Incentives to sustain forest ecosystem services. A review and lessons for REDD.
A report by Ivan Bond, Maryanne Grieg-Gran, Sheila Wertz-Kanounnikoff, Peter Hazlewood, Sven Wunder och Arild Angelsen commissioned by Norway.
Summary conclusions
1. Can PES be an effective instrument for REDD?
Despite the limitations in the case studies and literature that has been reviewed, this analysis has found that payments for ecosystem services do have a role to play in the reduction of deforestation and forest degradation. There are, however, regional differences in the adoption of PES that need to be recognised. In Latin America, PES is a known tool that is being used. In Southeast Asia, it is a tool that is starting to be developed while in Africa there are very few examples of PES projects and programmes. The key innovation that differentiates PES from other conservation tools is the element of conditionality.
2. Can payments for REDD also improve equity and livelihoods?

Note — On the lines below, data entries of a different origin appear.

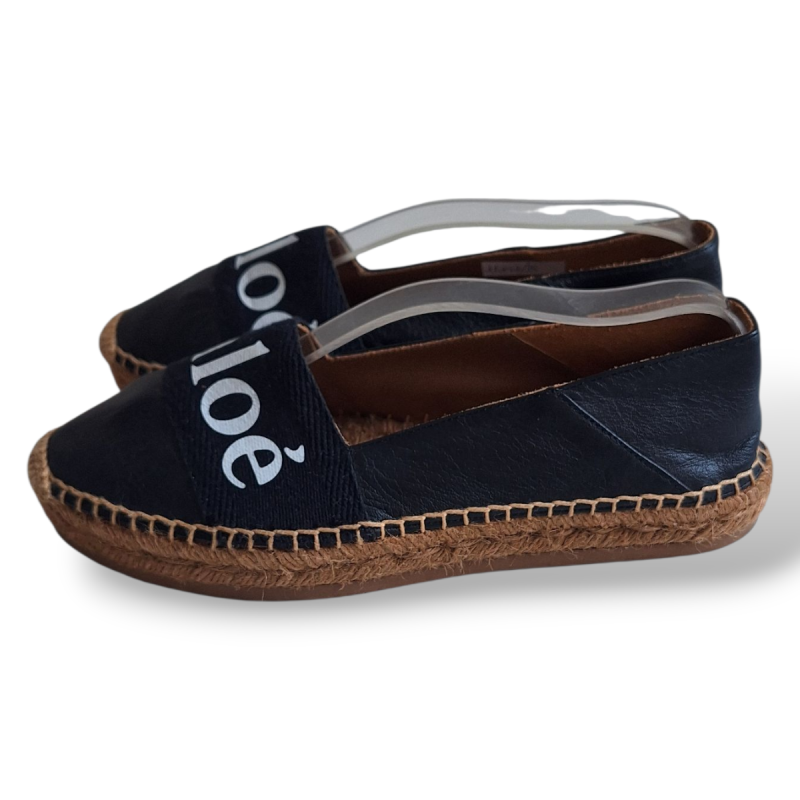 Alpargatas Chloé Preta-36 Alpargatas Chloé Preta-36
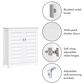 RiverRidge Home Brookfield 2-Door Floor Cabinet in White, , large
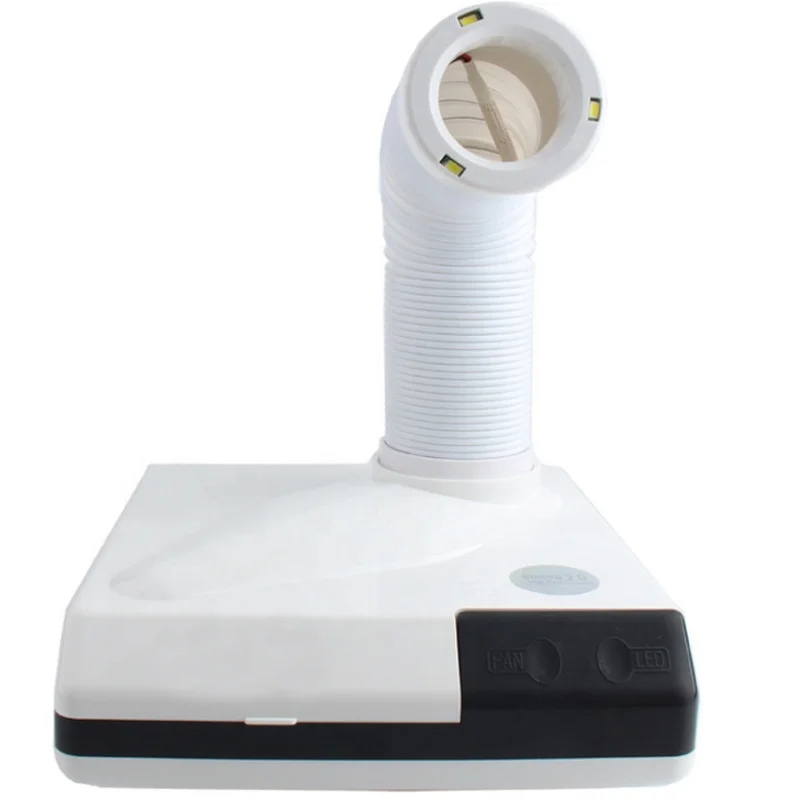 60w Fashion Nail Dust Collector Vacuum Cleaner Electric  Nail Dust Extractor Vacuum Salon Nail Dust Collector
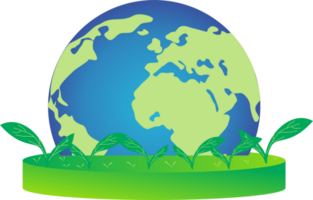 The environment day icon png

Concern has been expressed that PES schemes could have negative impacts on poor people. This review finds no evidence of adverse effects on livelihoods and equity. Where schemes have made concerted efforts to target poor and marginalised groups, there have generally been positive, if somewhat marginal, benefits. However, if and when REDD payments are implemented at much larger spatial scales and/or where governance is weak, facilitators and brokers will have to guard against elite capture and more attention will have to be given to strengthening the land tenure of local communities.
3. What are the costs of reducing forest emissions?
Opportunity costs for landholders are an important component of the total cost of implementing a PES-type REDD scheme. There is much variation in cost estimates, but there is general agreement that paying landholders to conserve forests is likely to be a cost-effective greenhouse gas mitigation option – although overall costs are likely higher than suggested by the Stern Review. For an indication of total costs of REDD as a climate change mitigation option compared to alternatives, the use of global simulation models seems adequate. Local models are useful complements to global estimates, in particular for capturing sub-national or subregional variations in opportunity costs.
4. What is the role of forest governance?
A PES approach to REDD requires effective and equitable governance frameworks and systems, such as clarity of land rights and functioning monitoring to enable the enforcement of conditionality and quid pro quo payments. However, in many areas where deforestation and degradation are at their highest, governance is weak and is an underlying cause of deforestation and forest degradation. Importantly, governance can vary considerably across a single country (e.g., Brazil).
5. How will reductions in forest emissions be measured?
Cost-effective tools and methodologies to measure carbon stocks are essential in establishing permanent and additional reductions in deforestation and forest degradation. There are sound reasons to believe that the remaining technical challenges are likely to be overcome in the near future. While remote sensing plays an important role for deforestation monitoring, ground-based measurements are needed for validation and assessments of degradation.
Establishing baselines or ‘reference levels’ is both a technical and a political issue. The major political challenges refer to the decision on the time period or time point to be used in estimating reference levels and for the establishment of crediting lines. Transparent baseline rules are needed. The more universal the rules the more transaction costs can be reduced. Our review of PES case studies revealed that baseline studies were mostly cursory or even completely absent. While the use of such ‘implicit baselines’ (where a continuation of the ‘business as usual’ scenario is assumed) may work in the context of PES, this is very unlikely to work for REDD.